COLLECTED MATERIAL —
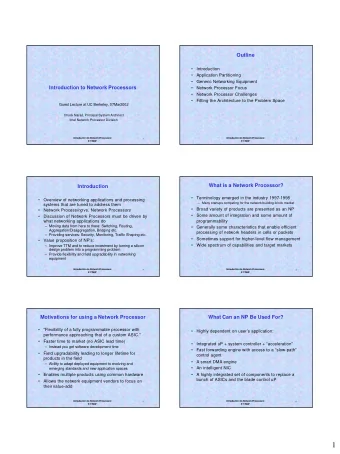 1  Common Features in NPs  NP Architectural Challenges    Application-specific architecture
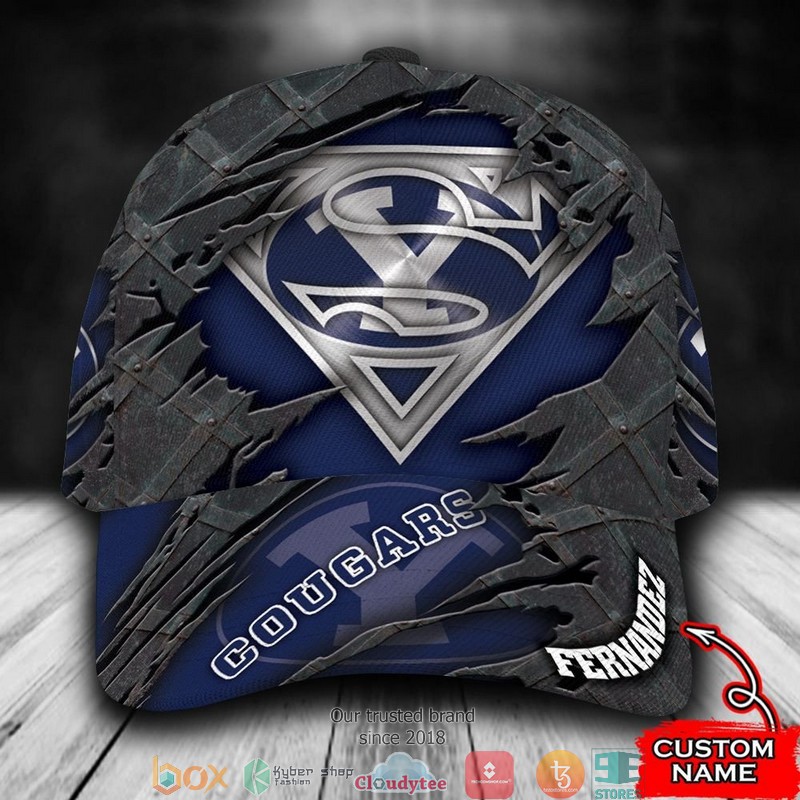 BYU Cougars Superman NCAA1 Custom Name Cap word3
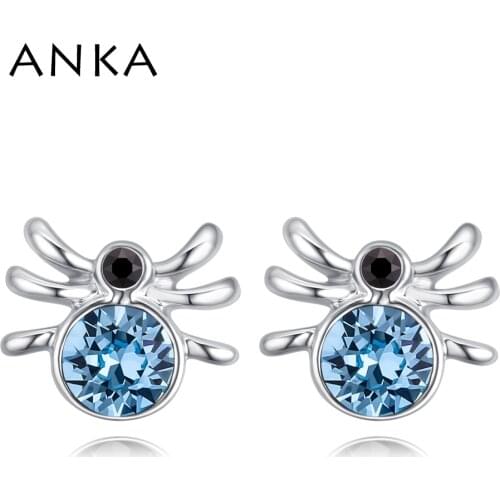 ANKA Spider Crystal Stud Earrings Crystals Fashion Jewelry For Women Punk for Party for Women Rhodium Plated #130774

TASK PROMPT — Please set the data above down exactly, with the pictures removed.

REPLY —
 1  Common Features in NPs  NP Architectural Challenges    Application-specific architecture
 BYU Cougars Superman NCAA1 Custom Name Cap word3
 ANKA Spider Crystal Stud Earrings Crystals Fashion Jewelry For Women Punk for Party for Women Rhodium Plated #130774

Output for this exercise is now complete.